In the circuit (Figure) the current is to be measured. What is the value of the current if the ammeter shown:
$(a)$ is a galvanometer with a resistance $R_{G}=60.00 \; \Omega$;
$(b)$ is a galvanometer described in $(a)$ but converted to an ammeter by a shunt resistance $r_{s}=0.02 \; \Omega$;
$(c)$ is an ideal ammeter with zero resistance?

(N/A) Total resistance in the circuit is $R_{total} = R_{G} + 3.00 \; \Omega = 60.00 \; \Omega + 3.00 \; \Omega = 63.00 \; \Omega$.
Using Ohm's law,the current $I = V / R_{total} = 3.00 \; \text{V} / 63.00 \; \Omega \approx 0.0476 \; \text{A} \approx 0.048 \; \text{A}$.

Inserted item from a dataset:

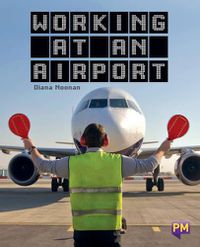 Cover image for Working at an Airport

$(b)$ The resistance of the galvanometer converted to an ammeter is $R_{A} = \frac{R_{G} \cdot r_{s}}{R_{G} + r_{s}} = \frac{60.00 \; \Omega \times 0.02 \; \Omega}{60.00 \; \Omega + 0.02 \; \Omega} = \frac{1.2}{60.02} \; \Omega \approx 0.01999 \; \Omega \approx 0.02 \; \Omega$.

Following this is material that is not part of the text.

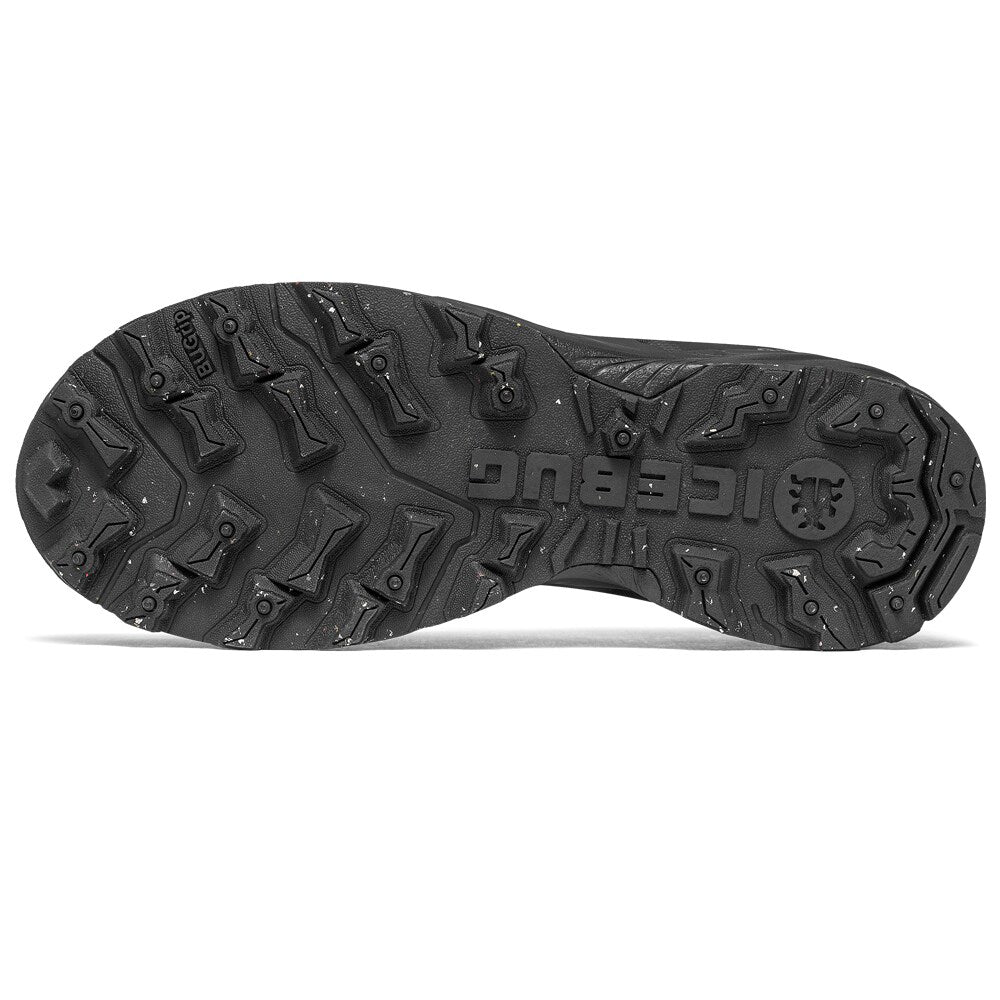 Icebug Rover 2 M BUGrip GTX True Black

Total resistance in the circuit is $R_{total} = R_{A} + 3.00 \; \Omega = 0.02 \; \Omega + 3.00 \; \Omega = 3.02 \; \Omega$.
Using Ohm's law,the current $I = V / R_{total} = 3.00 \; \text{V} / 3.02 \; \Omega \approx 0.993 \; \text{A} \approx 0.99 \; \text{A}$.
$(c)$ For an ideal ammeter,the resistance is zero. Thus,the total resistance is $3.00 \; \Omega$.
The current $I = V / R = 3.00 \; \text{V} / 3.00 \; \Omega = 1.00 \; \text{A}$.